Existe-t-il un rapport sur ces actes de torture ?
Normalement, ce n’était pas à moi de procéder à une enquête. Ceux à qui cette responsabilité incombait étaient nombreux. A commencer par le président de la République, le chef du gouvernement et mon chef direct. En ce qui me concerne, je l’ai fait pour une raison bien simple. Des informations m’étaient parvenues que des personnes avaient subi des sévices et précisément dans la caserne de Sidi-Fredj. J’ai réagi à travers une enquête parce que Sidi-Fredj fut un des nombreux endroits disséminés dans la capitale où ont été entreposées des denrées alimentaires et de l’habillement pour les militaires placés sous mes ordres et dépêchés dans la capitale précipitamment.
Les militaires venus de Biskra, Djelfa, Béchar et Sidi Bel Abbès, affectés au maintien de l’ordre, ne connaissaient ni les gens ni leurs domiciles. Ceux qui allaient frapper aux portes, ceux-là connaissaient leurs cibles et savaient qui ils recherchaient. Y a-t-il eu une autre enquête ? Je n’en sais rien. A l’époque, c’était un secret de polichinelle, puisque les suppliciés avaient été montrés à la presse à partir de l’hôpital Mustapha (plus précisément au centre Pierre et Marie-Curie).

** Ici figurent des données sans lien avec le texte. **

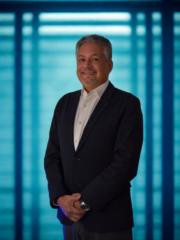 Miguel Angel Munguia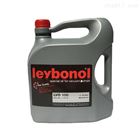 女的越疼男的越往里寨的视频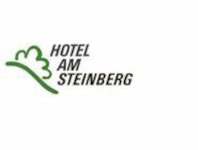 Hotel am Steinberg, 31139 Hildesheim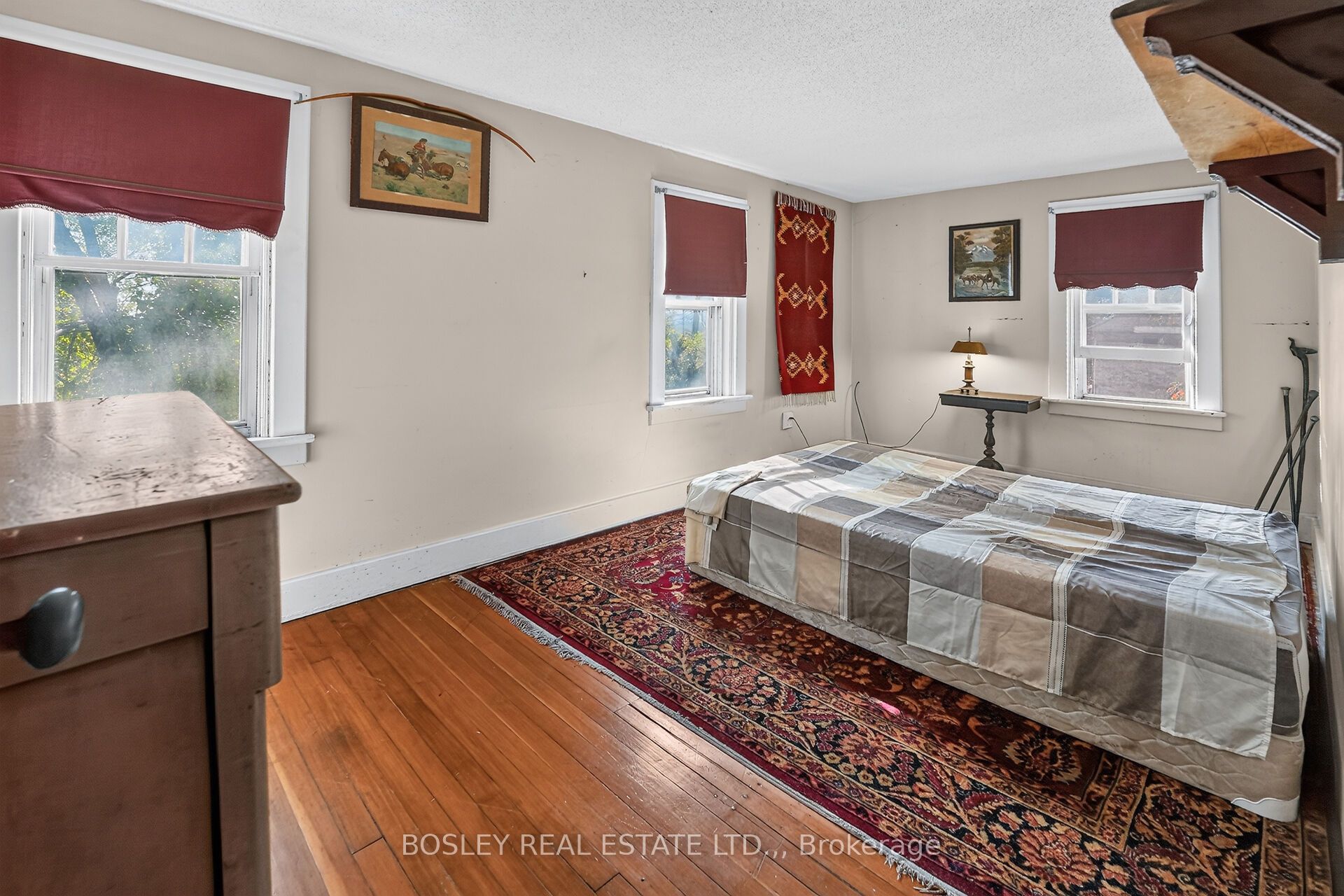 785 Hillsdale Avenue Property Photo 13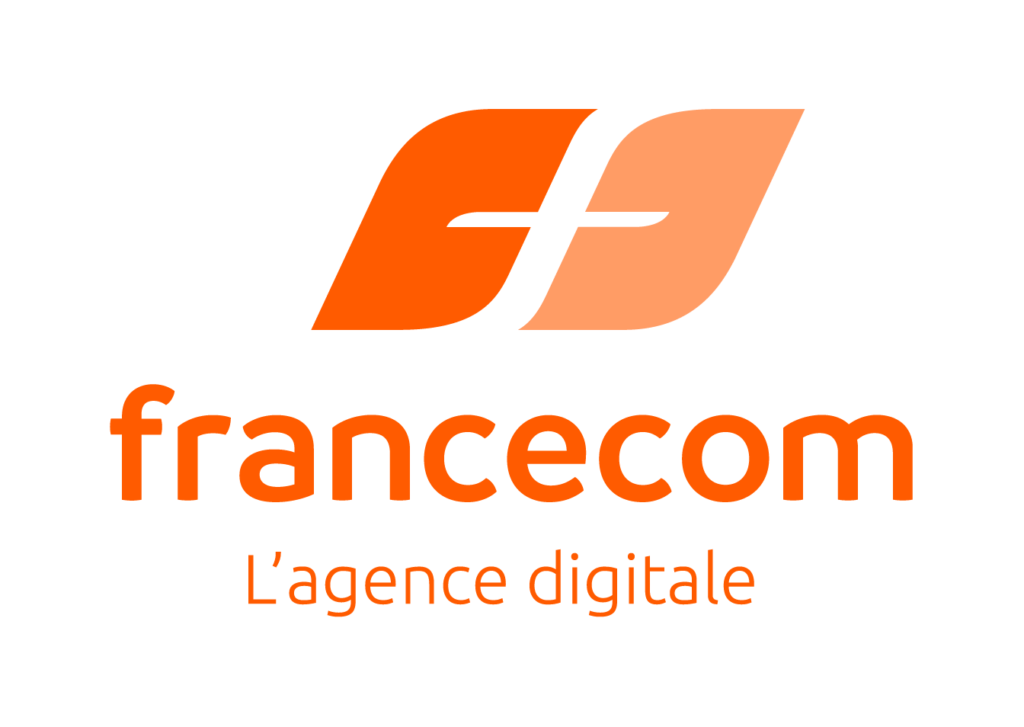 Francecom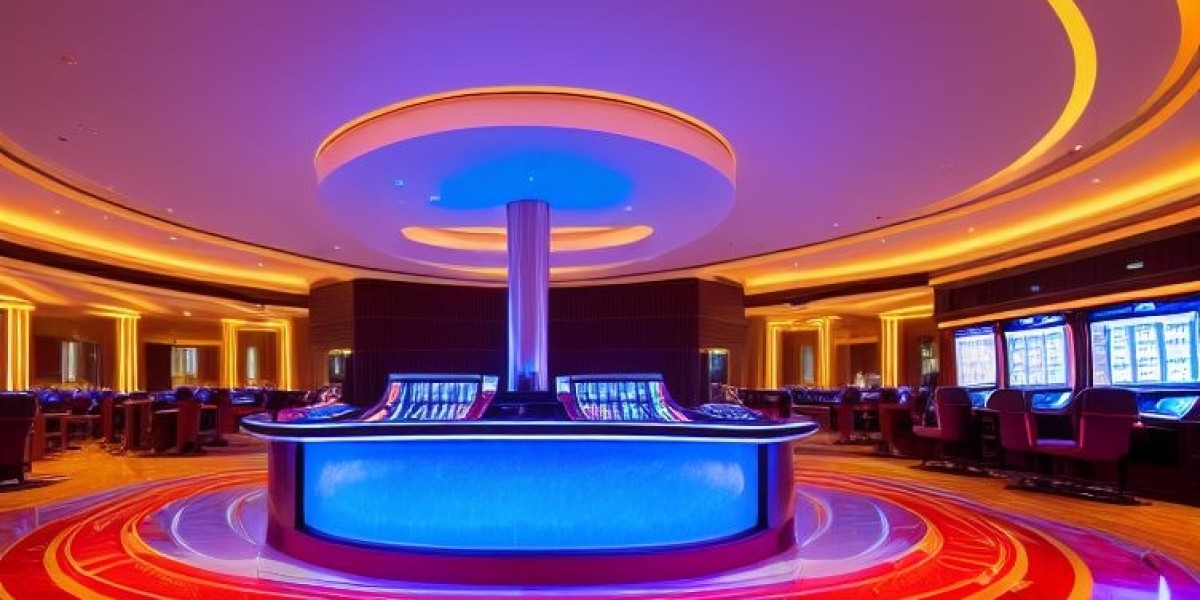 Top-notch Pokies Assortment at Sky Crown Casino Online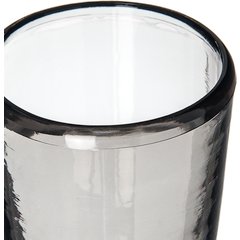 MIN544118 Mingle Juice 6 oz - Smoke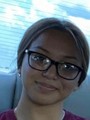 Photo of Ximena Trejo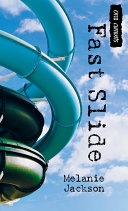 Fast Slide cover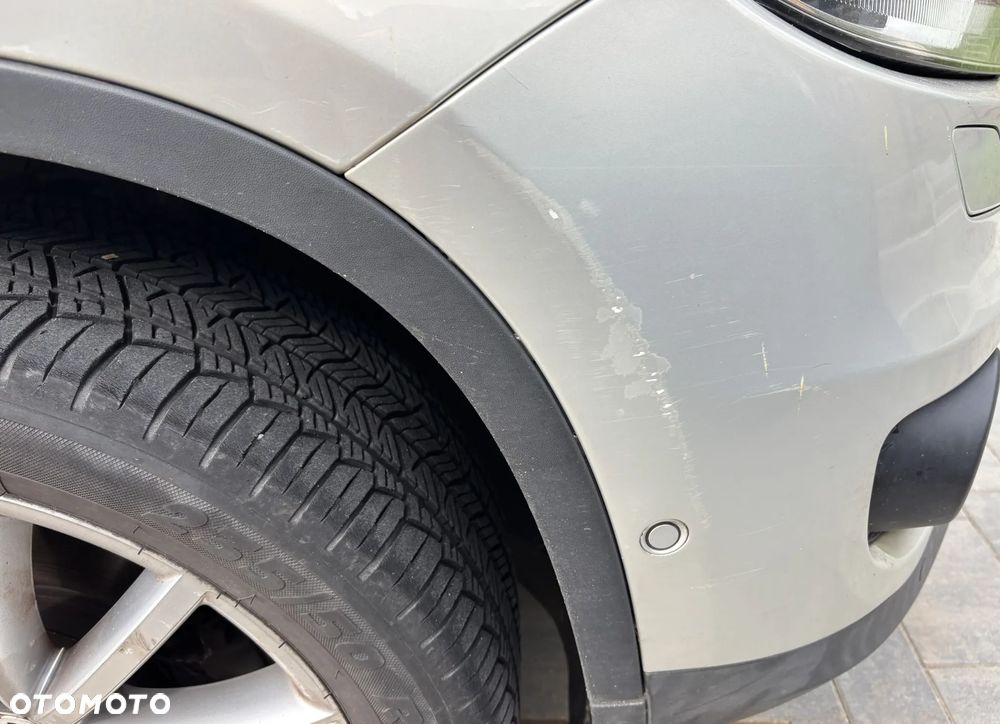 Volkswagen Tiguan 2.0 TDI DPF 4Motion DSG Sport & Style - 7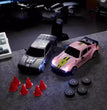 FAYEE FQD13 RC Drift Car New With Lights-2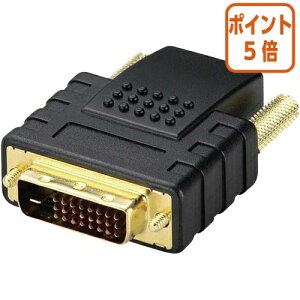 101617|Cg5{ GR HDMIA_v^@HDMIDVIϊA_v^ AD-HTD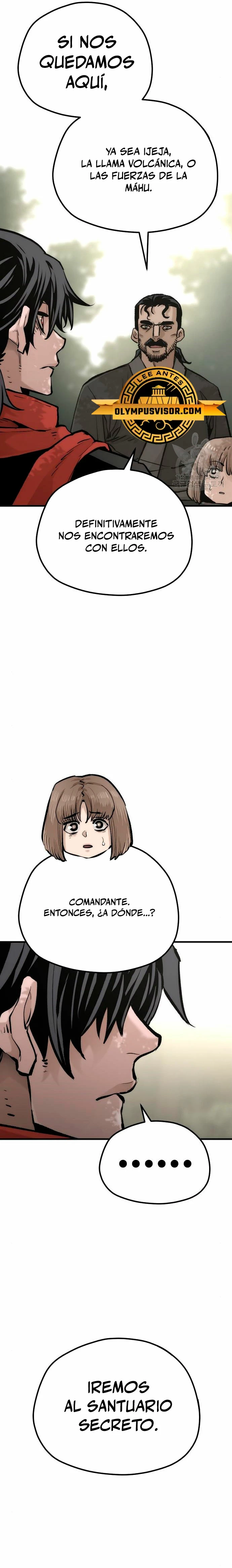 Sistema de cultivo del demonio celestial Capítulo 102 - Page 20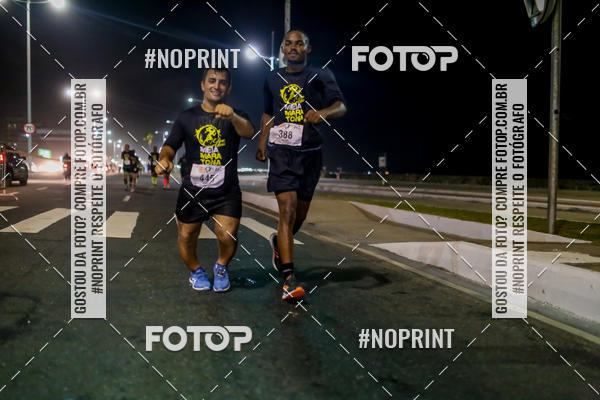 Buy your photos of the eventMEIA MARATONA NOTURNA ECLIPSE LUNAR 2019 on Fotop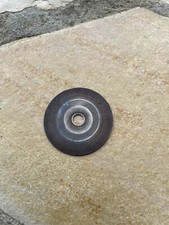 Rondelle Embrayage debroussailleuse Husqvarna 232R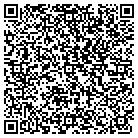 QR code with Four Seasons Fundraiser Inc contacts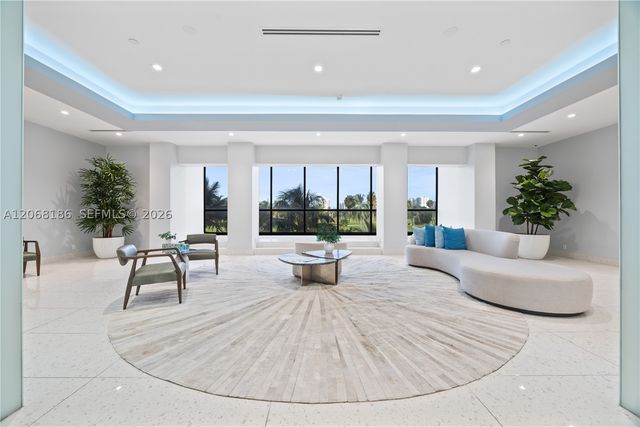 20335 W Country Club Dr 1905, Aventura, FL 33180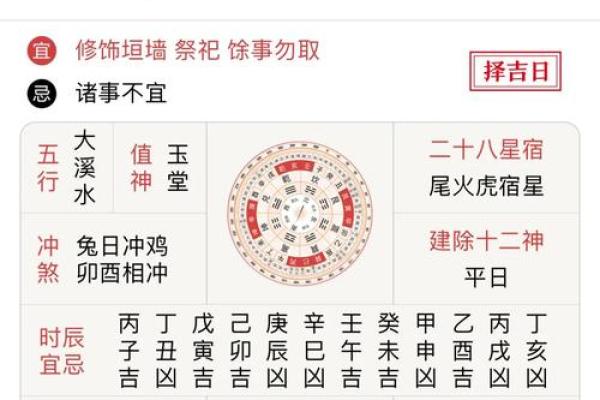 2025年10月新房入宅黄历吉日推荐与择日避讳指南 2025年10月新房入宅黄历吉日推荐与择日避讳指南
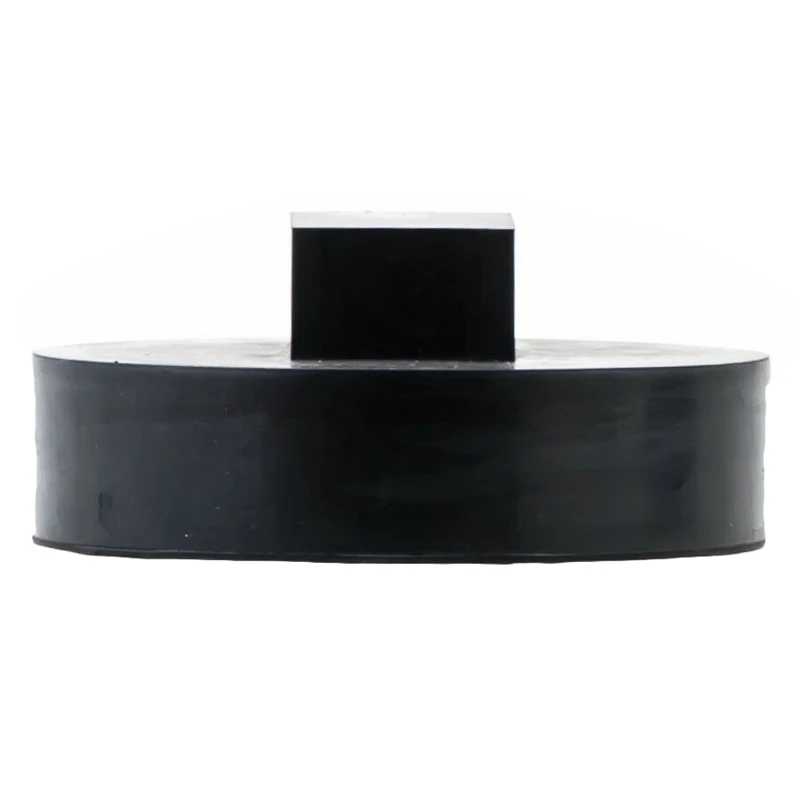 Профессиональная версия 1 х переходник Jack Rubber для B mws + Mini 3|Уплотняющая прокладка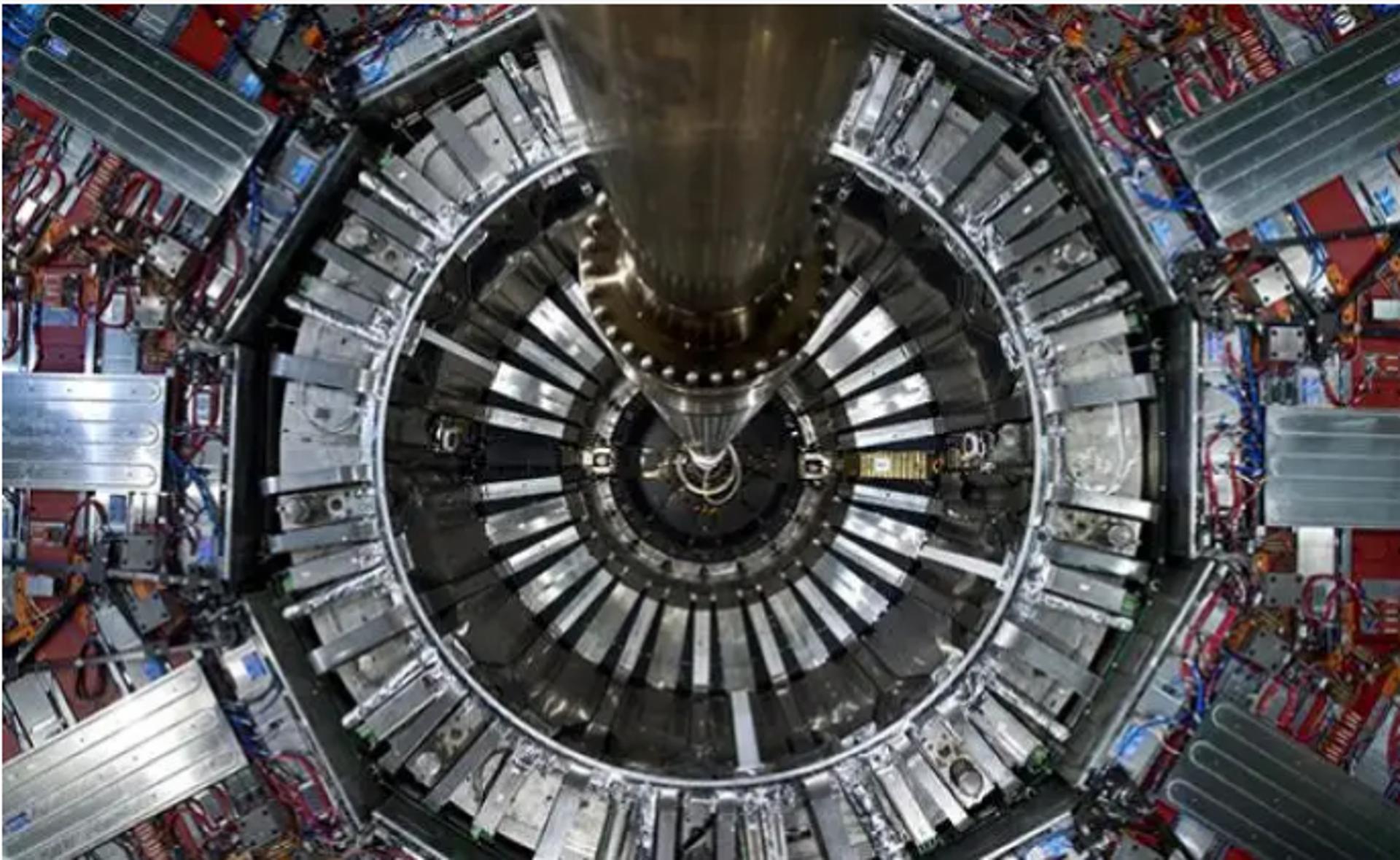 你知道德国制造是怎么发展起来,德国工业领先中国最多多少年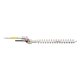 PARKSIDE® Langstiel-Heckenschere »PEHSL 800 A1« - B-Ware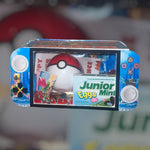 Load image into Gallery viewer, Custom Game Controller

En ce qui me concerne, j’en avais rendu compte, mais il n’y eut pas de suite du fait de la déclaration précipitée d’amnistie, suivie immédiatement d’une loi prononcée par le président Chadli.
Pourquoi a-t-il agi ainsi, selon vous ?
J’ai toujours soutenu que les événements d’Octobre 1988 ont été déclenchés par le pouvoir. Donc, il valait mieux éviter l’enquête et sur la torture et sur le déclenchement des événements. Lorsque, à mon initiative, les généraux Gheziel et Rahal furent chargés de tenir une conférence de presse pour informer, à travers les médias, l’opinion publique de l’ensemble des pertes humaines et lui donner toutes les informations dont nous disposions à l’époque, rien ne filtra. Ce n’est pas un hasard. Les journalistes présents ce jour-là s’en souviennent sans doute ; ceux d’entre eux qui n’ont pas perdu la mémoire peuvent en témoigner.
Les marionnettistes cachés derrière les rideaux et qui font tout pour rester à l’abri ne peuvent manipuler tout le monde. La vérité finira par se faire jour. La vérité sur le nombre exact des morts, sur les cas de torture et sur les responsables directs des événements. Maître Miloud Brahimi a déjà dit la vérité sur le nombre de victimes, qui se situe en deçà de 200, comme j’avais eu à l’annoncer durant les jours qui avaient suivi les événements d’Octobre 1988.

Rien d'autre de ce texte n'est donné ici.